*Given data*
○ ○ ○ ○ ○ ○ ○
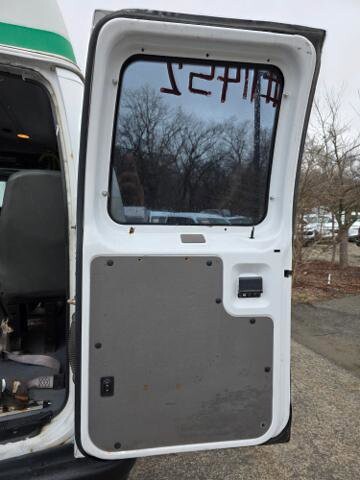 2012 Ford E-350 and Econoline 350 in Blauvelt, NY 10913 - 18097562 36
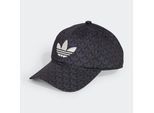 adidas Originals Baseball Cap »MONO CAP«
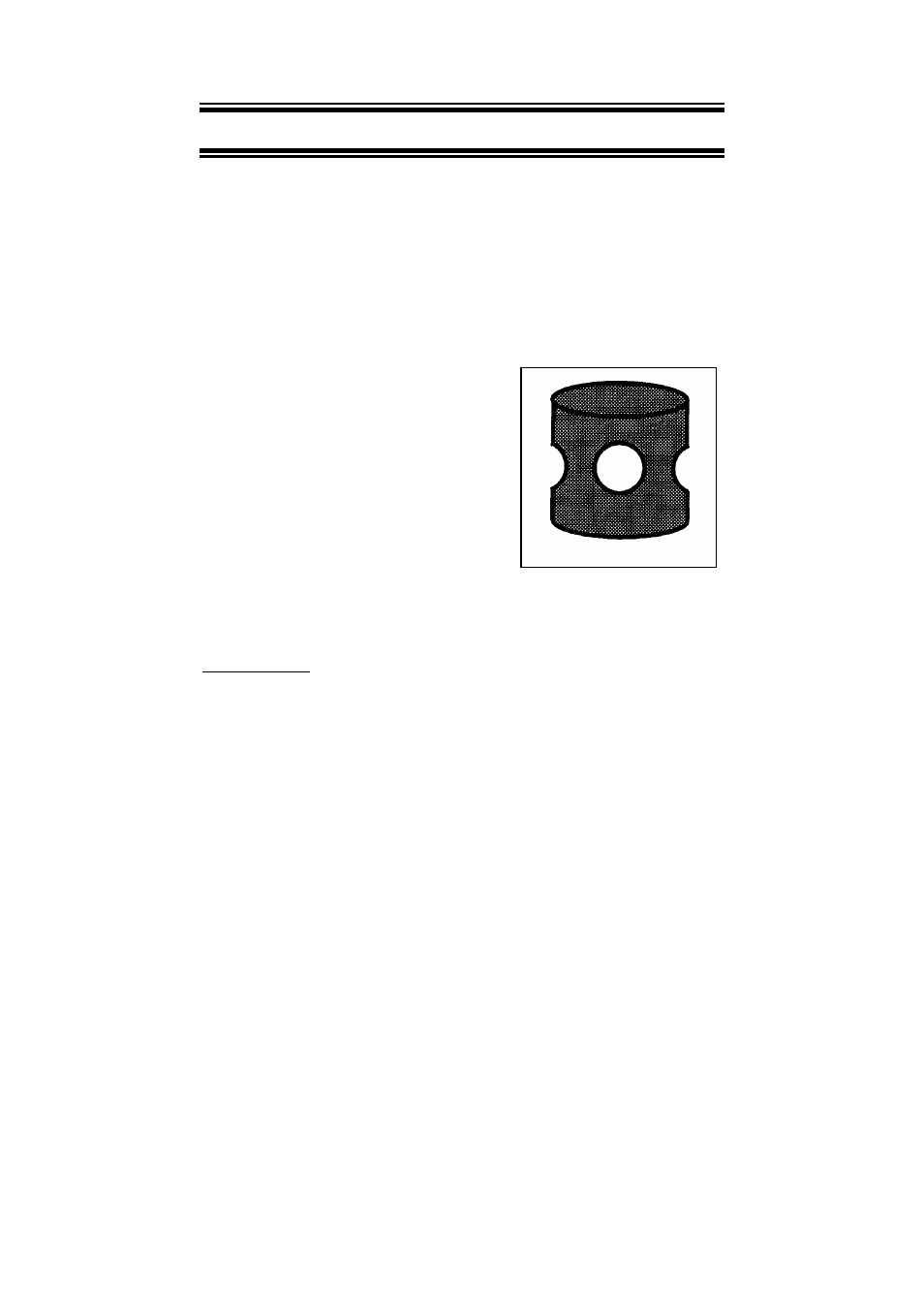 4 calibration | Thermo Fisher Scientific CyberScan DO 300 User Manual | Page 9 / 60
○ ○ ○ ○ ○ ○ ○
*Work to be completed*
Omit the pictures and give the material again, exactly and in full.

*Written response*
 2012 Ford E-350 and Econoline 350 in Blauvelt, NY 10913 - 18097562 36
 adidas Originals Baseball Cap »MONO CAP«
 4 calibration | Thermo Fisher Scientific CyberScan DO 300 User Manual | Page 9 / 60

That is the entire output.